“Do you bring wood all the way from there on your back?”
“When I get some.”
“Aren’t you tired?”
The child looked at him steadily, and then in a strange somewhat softened manner which belied her words, answered,
“No.”
“You don’t bring that big basket full, do you?”
She kept her bright eyes on him and nodded.
“I should think it would break your back.”
“If I don’t break my back I get a lickin’.”
“Was that what you were crying for as you went by?”
“I wa’n’t a cryin’!” said the girl. “Nobody never see me a cryin’ for nothin’!”
“You haven’t filled your basket to-day.”
She gave an askant look into it, and was silent.
“How came that?”
“’Cause! — I was tired, and I hadn’t had no dinner; and I don’t care! That’s why I wished the thunder would kill me. I can’t live without eatin’.”
“Have you had nothing since morning?”
“I don’t get no mornin’ — I have to get my dinner.”
“And you could get none to-day?”
“No. Everything was eat up.”
“Everything isn’t quite eaten up,” said Winthrop, rummaging in his coat pocket; and he brought forth thence a paper of figs which he gave the girl. “He isn’t so short of means as I feared, after all,” thought Elizabeth, “since he can afford to carry figs about in his pocket.” But she did not know that the young gentleman had made his own dinner off that paper of figs; and she could not guess it, ever when from his other coat pocket he produced some biscuits which were likewise given to eke out the figs in the little black girl’s dinner.

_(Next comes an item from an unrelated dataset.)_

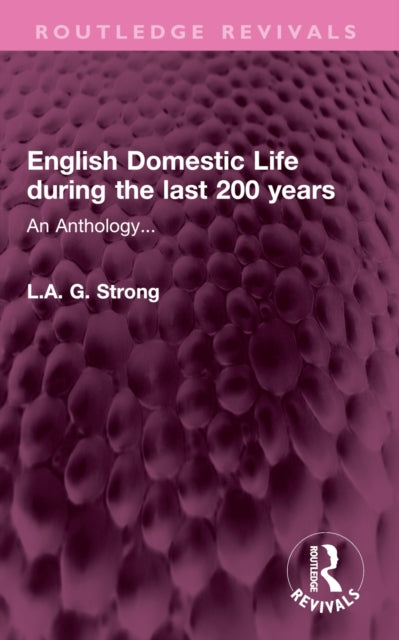 English Domestic Life during the last 200 years: An Anthology...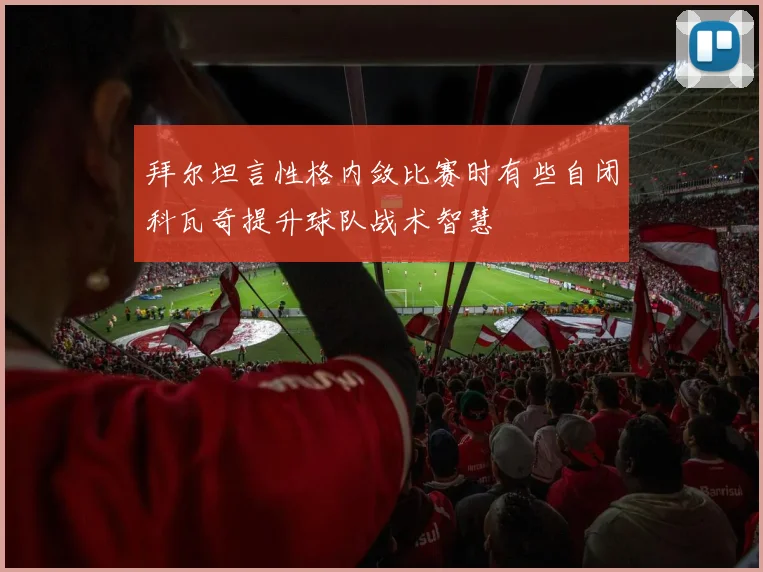 拜尔坦言性格内敛比赛时有些自闭科瓦奇提升球队战术智慧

She was presently roused to very great marvelling again by seeing him apply his foot to another box, one without a clean side, and roll it over half the length of the shed for the child to sit upon.
“What do you think of life now, Miss Elizabeth?” he said, leaving his charge to eat her figs and coming again to the young lady’s side.
“That isn’t life,” said Elizabeth.
“It seems without the one quarter of agreeableness,” he said.
“But it’s horrible, Mr. Winthrop! —”
He was silent, and looked at the girl, who sitting on her coal box was eating figs and biscuits with intense satisfaction.
“She is not a bad-looking child,” said Elizabeth.
“She is a very good-looking child,” said Winthrop; “at least her face has a great deal of intelligence; and I think, something more.”
“What more?”
“Feeling, or capacity of feeling.”
“I wish you had a seat, Mr. Landholm,” said Elizabeth, looking round.
“Thank you — I don’t wish for one.”
“It was very vexatious in Rose to go and leave me!”
“There isn’t another box for her if she had stayed,” said Winthrop.
“She would have me go out with her this afternoon to see her dressmaker, who lives just beyond here a little; and father had the horses. It was so pleasant an afternoon, I had no notion of a storm.”